__Task brief__
Extract from the entries below, exactly as given, only the lines from the line containing "Carte Postale Faire-part" to the line containing "Deniva Kids Erkek", both lines included.

__Records for this task__
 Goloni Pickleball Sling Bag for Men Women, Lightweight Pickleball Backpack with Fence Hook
...
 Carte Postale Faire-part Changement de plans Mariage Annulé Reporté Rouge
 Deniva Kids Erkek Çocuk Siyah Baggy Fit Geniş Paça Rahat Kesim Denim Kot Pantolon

__Exercise output__
 Carte Postale Faire-part Changement de plans Mariage Annulé Reporté Rouge
 Deniva Kids Erkek Çocuk Siyah Baggy Fit Geniş Paça Rahat Kesim Denim Kot Pantolon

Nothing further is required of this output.